Given information:
##########

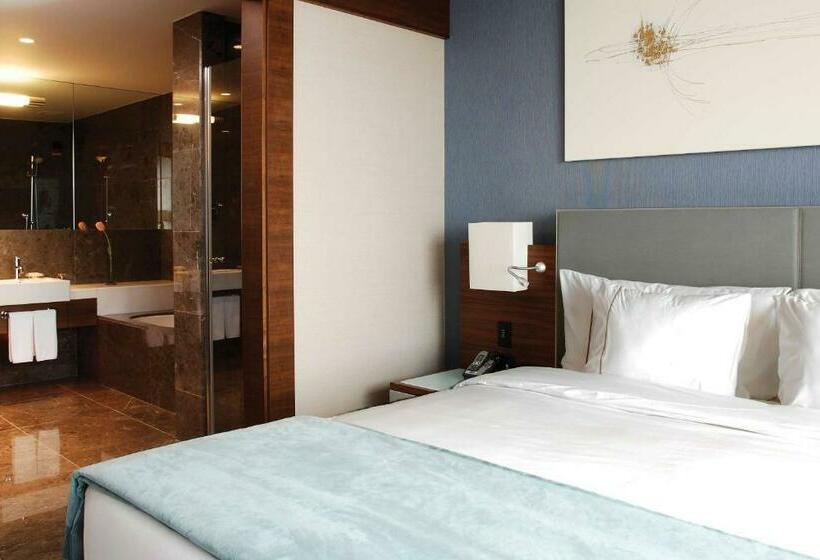 سوئیت کلوب با چشم‌انداز دریا, Sheraton Istanbul Ataköy
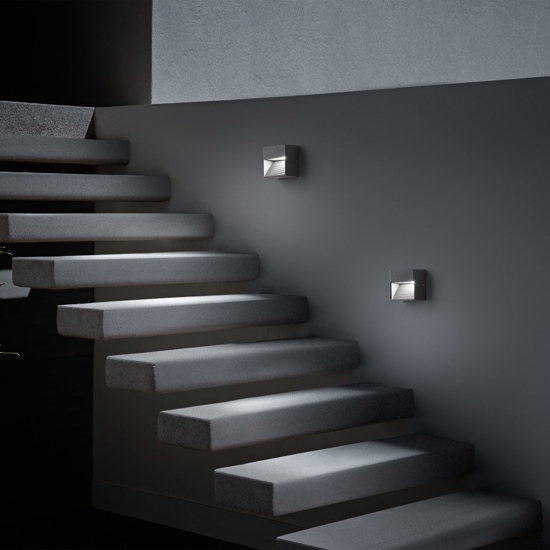 Segnapasso a parete led per esterni ideal lux down antracite ip44 quadrato senza incasso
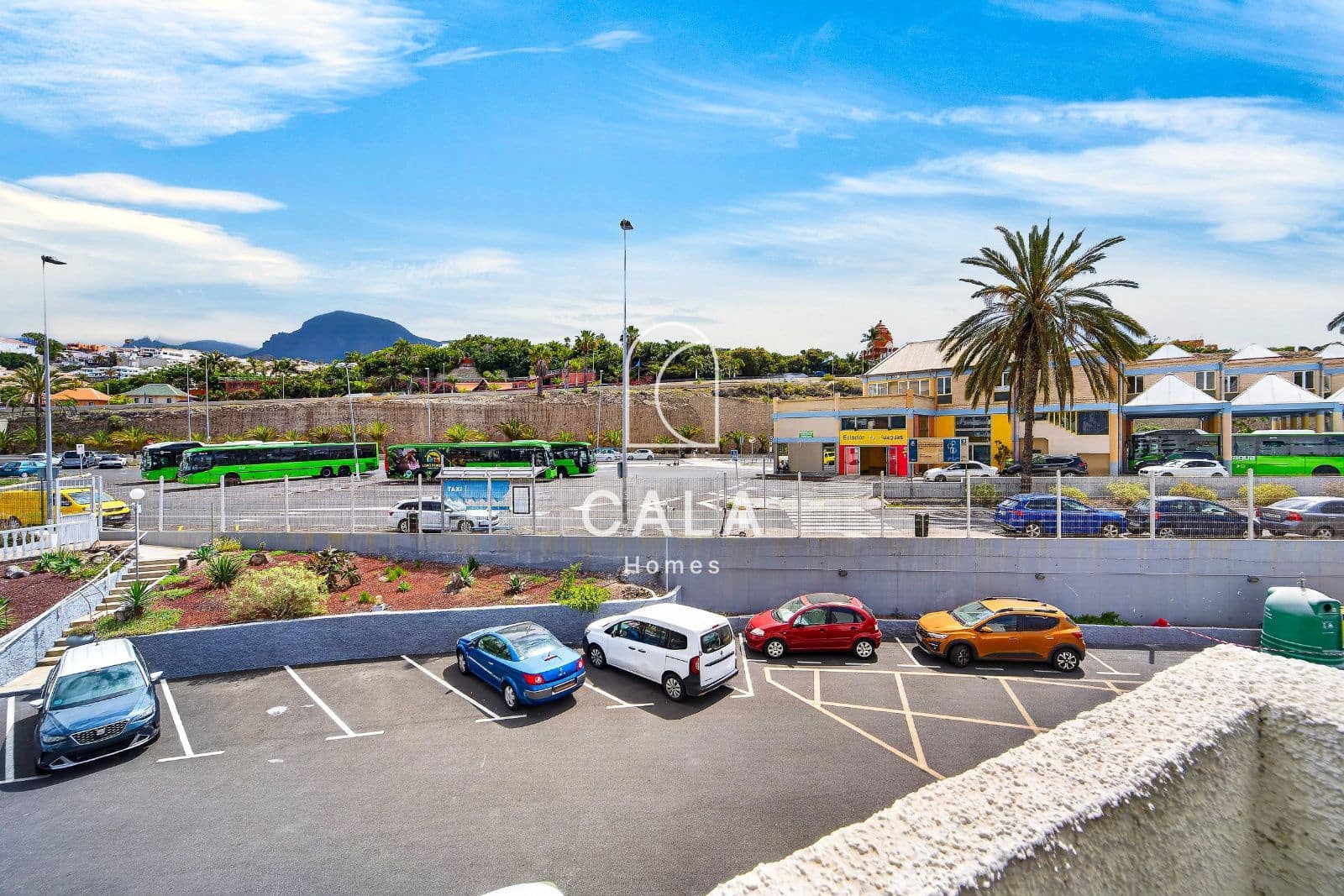 Piso en Costa Adeje en venta con piscina - 220.000 € (Ref: 9815045)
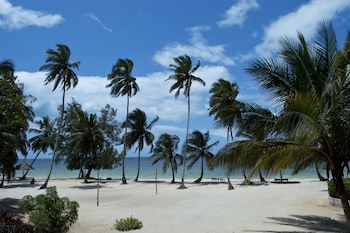 Antonio Beach Hotel And Spa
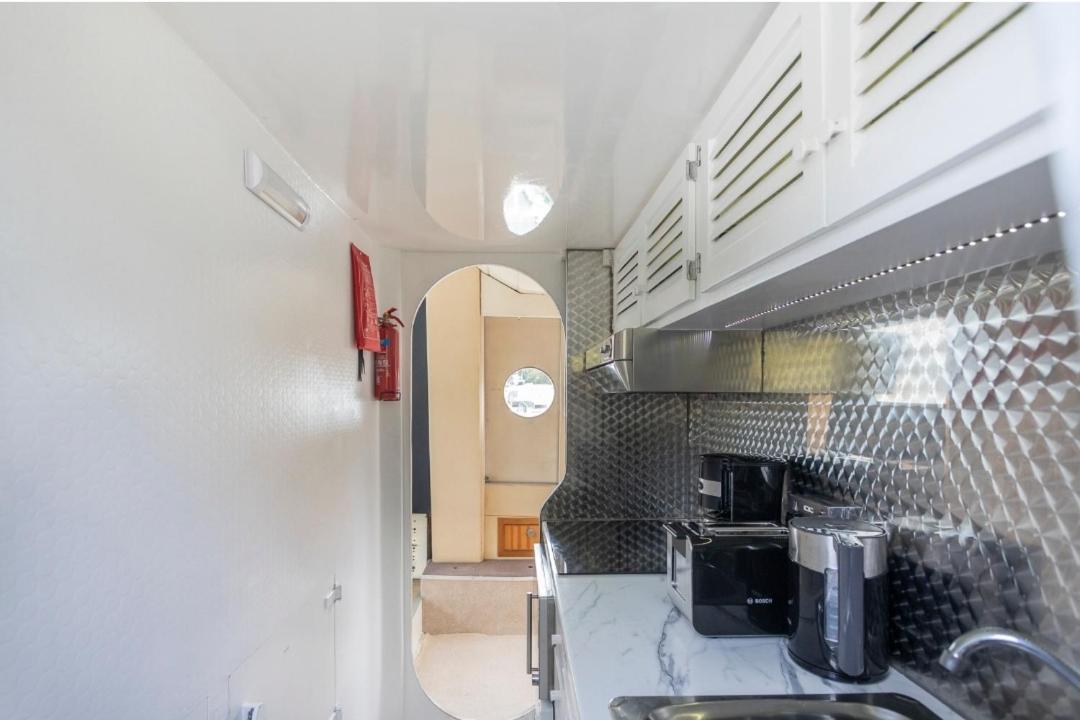 Eucala Motor Yacht Hotel East Molesey Bagian luar foto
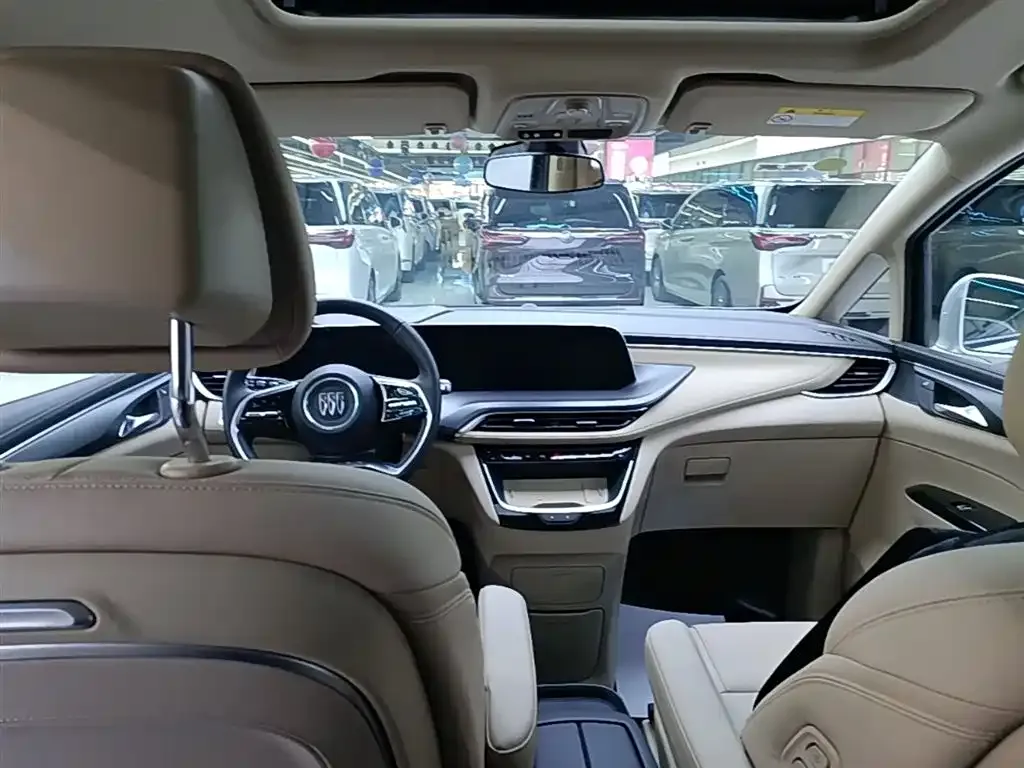 Buick GL8 Hybrid — фото 3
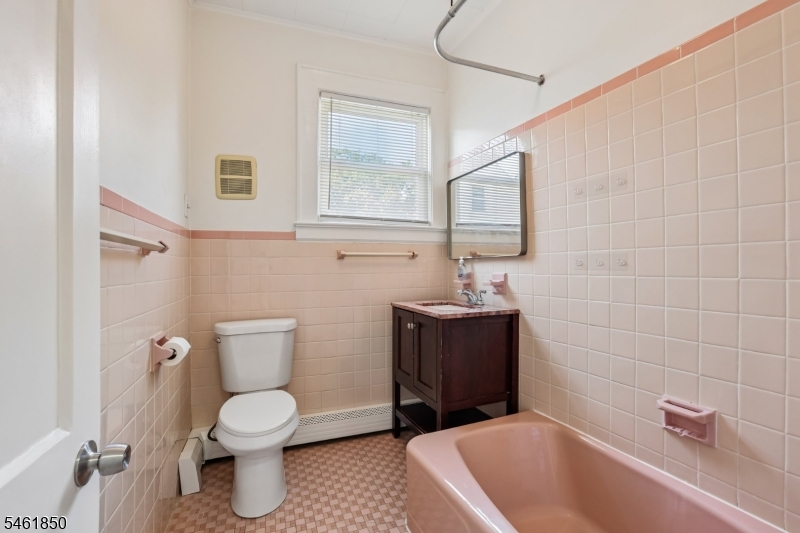 803 Devon Street Kearny NJ 07032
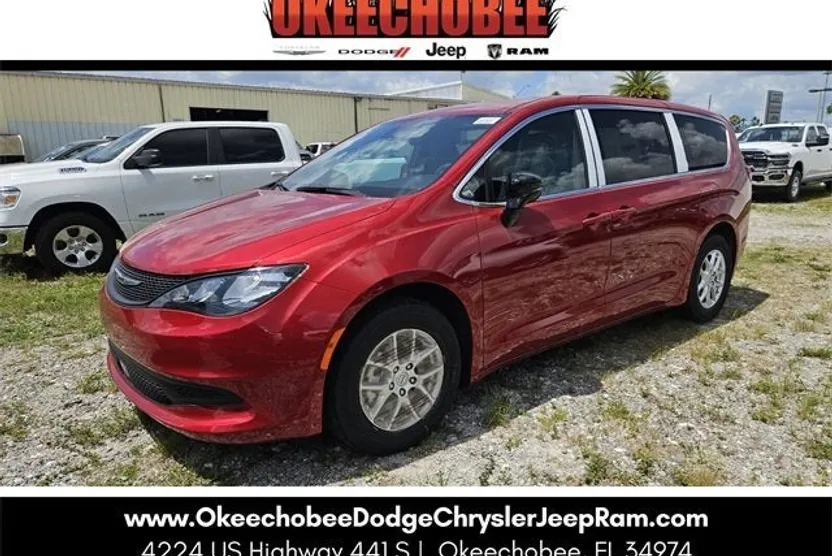 2025 Chrysler Voyager LX photo 1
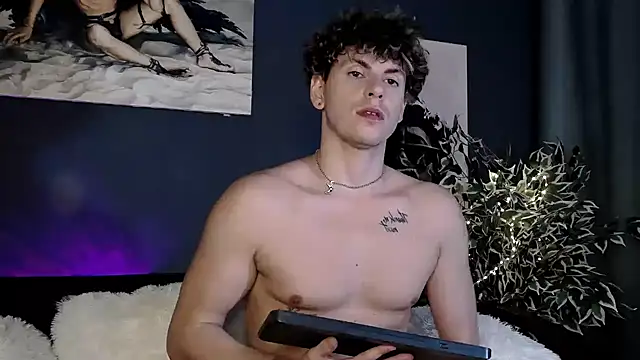 TylerGibson online show from 07-31-26, 06:51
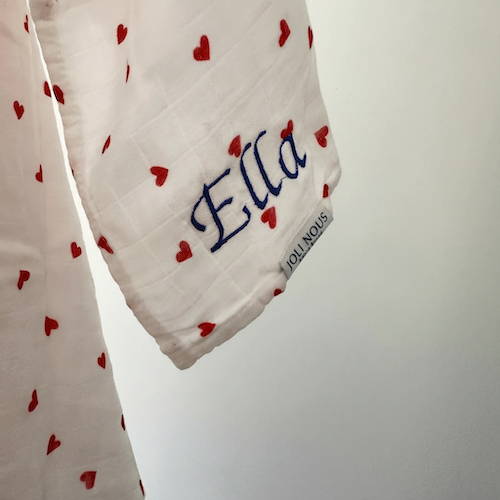 Attache-tétine personnalisation élégant de la marque suisse 'Joli Nous', un accessoire premium pour bébé, alliant design raffiné et qualité exceptionnelle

##########

Repeat the records exactly but leave out the images.

 سوئیت کلوب با چشم‌انداز دریا, Sheraton Istanbul Ataköy
 Segnapasso a parete led per esterni ideal lux down antracite ip44 quadrato senza incasso
 Piso en Costa Adeje en venta con piscina - 220.000 € (Ref: 9815045)
 Antonio Beach Hotel And Spa
 Eucala Motor Yacht Hotel East Molesey Bagian luar foto
 Buick GL8 Hybrid — фото 3
 803 Devon Street Kearny NJ 07032
 2025 Chrysler Voyager LX photo 1
 TylerGibson online show from 07-31-26, 06:51
 Attache-tétine personnalisation élégant de la marque suisse 'Joli Nous', un accessoire premium pour bébé, alliant design raffiné et qualité exceptionnelle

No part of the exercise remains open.